Posted by admin on Aug 18, 2013

Doug Engelbart, best known for having invented the computer mouse in 1968, but whom was also one of the pioneers of the computing industry, sadly passed away on July 2 at the age of 88 from kidney failure.

While working at a government aerospace laboratory in California in the 1950s, Engelbart had ideas swirling in his mind about collaborative and interactive computer work where scientists could easily share information among them. He eventually demonstrated his many inventions once he established an experimental research group at Stanford Research Institute, which eventually came to be known simply as SRI International. Among them was the rodent-like device called a mouse (though back then, it hardly resembled a mouse as it does today) that was used to navigate a computer’s screen, and control tasks. Reportedly, the idea for the mouse came to Engelbart during a computer graphics conference in 1964. The device, however, didn’t make its way to become a mainstream computer accessory until some time in the 1980s.

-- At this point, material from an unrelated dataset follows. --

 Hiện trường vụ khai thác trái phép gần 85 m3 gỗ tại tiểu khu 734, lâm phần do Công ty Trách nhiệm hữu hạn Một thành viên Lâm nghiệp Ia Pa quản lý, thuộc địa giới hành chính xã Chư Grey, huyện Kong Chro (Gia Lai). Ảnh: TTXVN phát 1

Why it was given the moniker “mouse” is up for debate. Hardware designer Roger Bates has been quoted as saying it was coined by Dr. William English, as collaborator and mechanical engineer who received Engelbart’s sketch of the device. Supposedly, the mouse was a natural extension to the name used at the time to describe the cursor: CAT.

Engelbart’s influence on the computing industry extended far further than the invention of the mouse. In 1969, his Augment NLS system application helped lead to the internet as we know it today. Oregon State University, from which Engelbart graduated, credited him in 1997 with 20 lifetime patents at the time, and helping to “pave the way for electronic mail, computer ‘windows’, computer networking and the internet.”